North Sea oil has been at the centre of fierce debate over Scotland’s future ahead of an independence vote next month, with both sides wrangling over the outlook for the region’s treasure trove of black gold.
Around 42 billion barrels of oil and gas have been extracted from the North Sea since the early 1970s, providing a welcome boost to the British government’s coffers — and Scotland’s economy.
Now, with Scotland heading to the polls on September 18 in a referendum that could spell the end of the 300-year-old union with England, its lucrative energy resources are in sharp focus.
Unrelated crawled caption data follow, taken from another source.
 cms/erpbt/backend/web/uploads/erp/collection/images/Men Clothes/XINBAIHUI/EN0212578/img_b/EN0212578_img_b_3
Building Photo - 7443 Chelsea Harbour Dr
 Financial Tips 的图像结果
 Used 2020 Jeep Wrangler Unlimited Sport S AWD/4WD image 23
British Prime Minister David Cameron’s coalition government is calling on Scots to reject independence, while the devolved Scottish administration of First Minister Alex Salmond is backing a historic separation.
Oil revenues have been a key element of the debate, with both sides accusing the other of fudging estimates for the potential of the industry.
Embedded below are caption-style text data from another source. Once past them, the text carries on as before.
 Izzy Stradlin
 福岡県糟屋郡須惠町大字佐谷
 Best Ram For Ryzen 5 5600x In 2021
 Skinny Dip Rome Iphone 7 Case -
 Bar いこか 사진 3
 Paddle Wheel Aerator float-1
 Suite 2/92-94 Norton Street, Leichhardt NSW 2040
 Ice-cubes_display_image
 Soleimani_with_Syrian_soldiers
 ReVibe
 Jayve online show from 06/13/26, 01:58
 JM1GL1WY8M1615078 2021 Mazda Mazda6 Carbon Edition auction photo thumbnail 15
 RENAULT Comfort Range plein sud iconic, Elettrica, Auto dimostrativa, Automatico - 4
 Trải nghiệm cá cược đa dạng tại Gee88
Edinburgh has produced several possible scenarios of future oil tax revenues, with the most optimistic predicting an income of £38.7 billion ($64.6 billion, 48 billion euros) over the next five fiscal years.
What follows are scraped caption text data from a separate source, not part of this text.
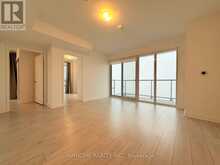 2625 - 2031 KENNEDY ROAD Toronto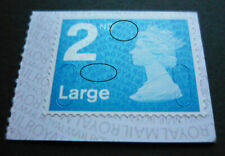 2020 SG U3032  2nd NVI Large M20L / MFIL on PB-sL (SBP2i) ex Book of Four MINT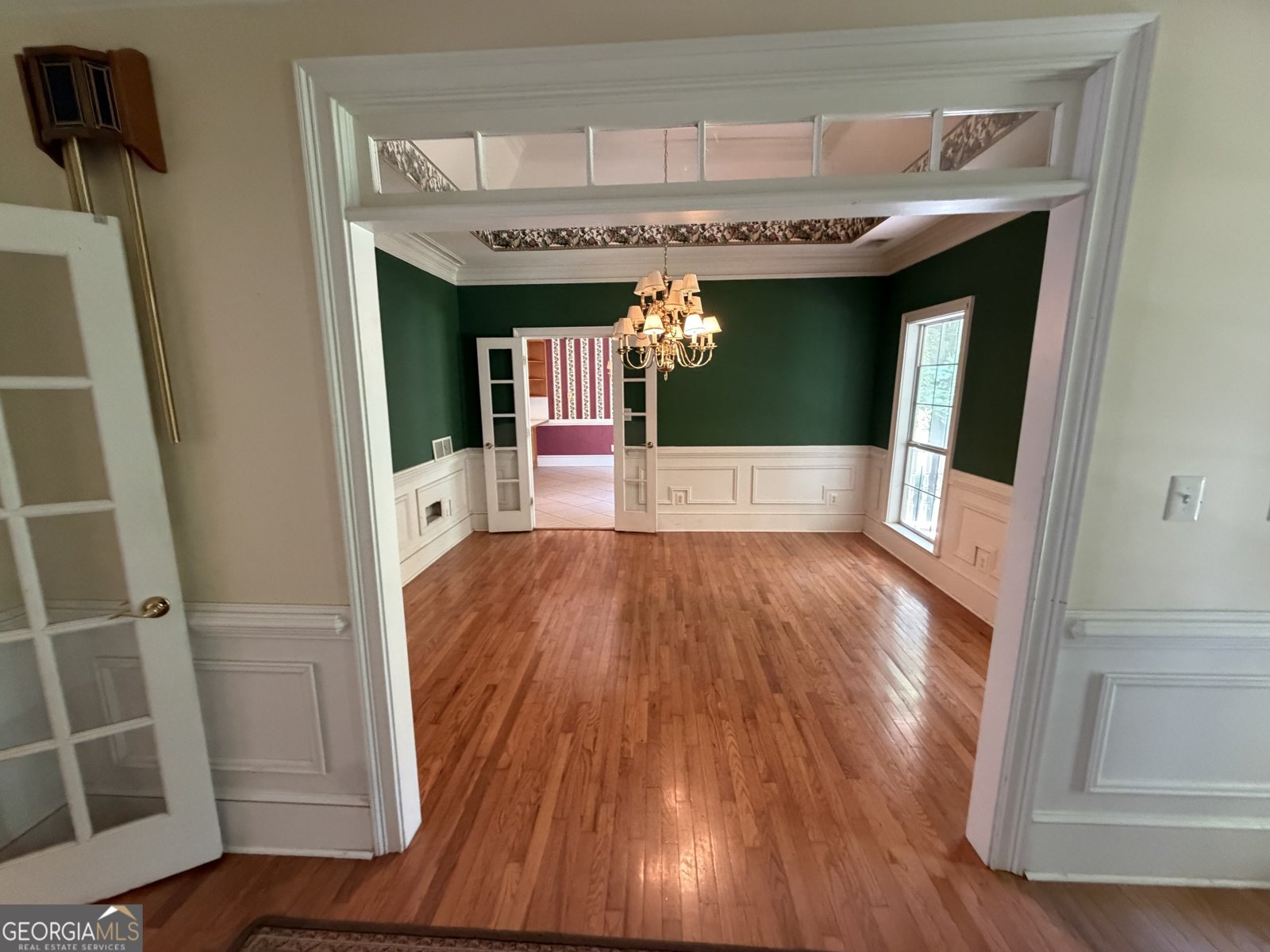 5301 Holly Brooke Lane Loganville - Photo 46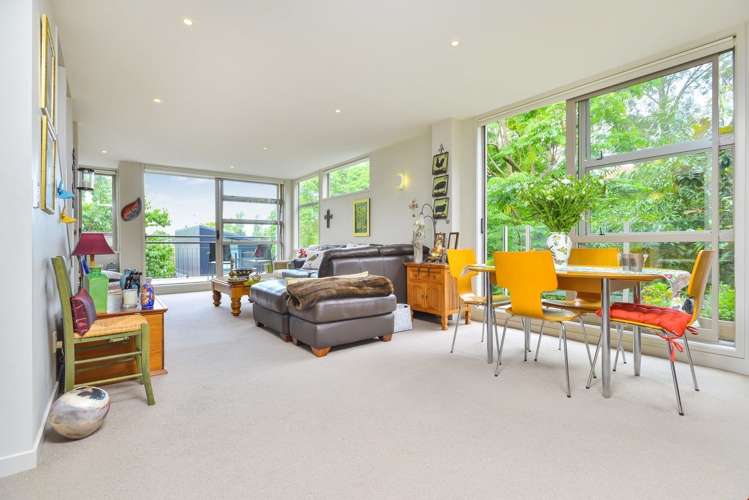 8/300 Parnell Road Parnell_5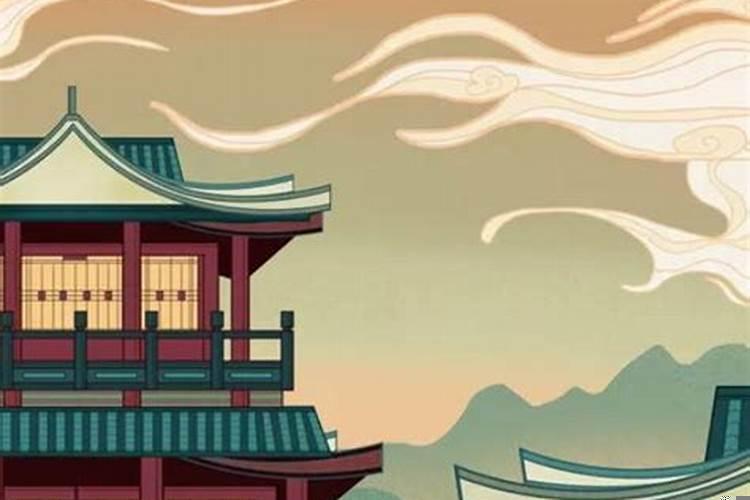 本命年能不能参加白事，好纠结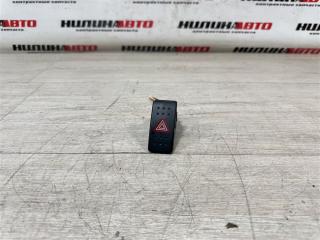 Кнопка аварийной сигнализации Suzuki SX4 2007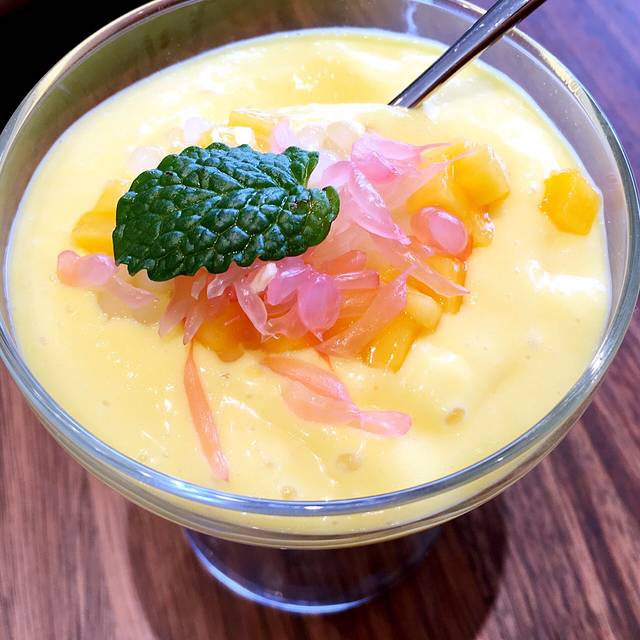 鸡毛兑糖·尚宴(鄞州店)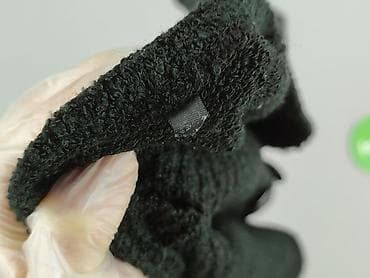 Kobiety: Kardigan damski, rozmiar 4XL — 4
The British government forecasts revenues will be £17.6 billion.
But amid the political row, most analysts agree that output from the United Kingdom Continental Shelf will fall in the coming years as it becomes more expensive to exploit harder-to-reach reserves.
“The decline (in North Sea reserves) is inevitable, because the bulk of the large fields have been found and the easy-to-produce oil has been produced,” said John Howell, professor of petroleum geology at the University of Aberdeen in northeastern Scotland.
Graham Sadler, managing director of the petroleum services group at consultancy Deloitte, added: “It will be a challenge to reverse the decline as it is a mature oil and gas basin.”
‘Unsustainable’ trend
Britain’s North Sea oil and gas production has plunged by about 38 percent over the last three years to 1.43 million barrels of oil equivalent per day last year, the lowest level since 1977.
Output is expected to remain stable in 2014, rising to 1.7 million in 2018, according to forecasts from industry body Oil & Gas UK.
Production peaked in 1999 but has fallen sharply since then due to ageing infrastructure, including pipelines and platforms, and the depletion of existing resources.
Some argue that the region could attract more investment in the coming years, citing the draw of beneficial taxation policies alongside high and stable oil prices.
Last year saw a record £14.4 billion invested in North Sea oil projects, and new discoveries and greater efficiency in existing fields are expected to stem the fall in output for now.
But in the long-run, analysts argue Scotland’s mature offshore oil and gas fields face an inevitable decline as costs spiral and companies look to other, cheaper areas to explore.
Costs jumped 15.5 percent in 2013 and are expected to rise sharply again this year in what Oil & Gas UK said is an “unsustainable” trend.
“There are a number of projects that may come on stream in the near future to help slow that decline, but we do not see any prospect for a significant growth in production,” said Sandler.
“Fundamentally, to sustain production or to alleviate the decline, we need more fields to be discovered. They are likely to be small because we are in a mature basin but we need to be exploring a little more,” he added.
Thomas Pugh, commodities specialist at research consultancy Capital Economics, warned that North Sea production was losing importance in the global energy market.
“In the bigger picture, production from the North Sea is going to become less important as production in North America booms” thanks to cheap shale gas reserves, he said.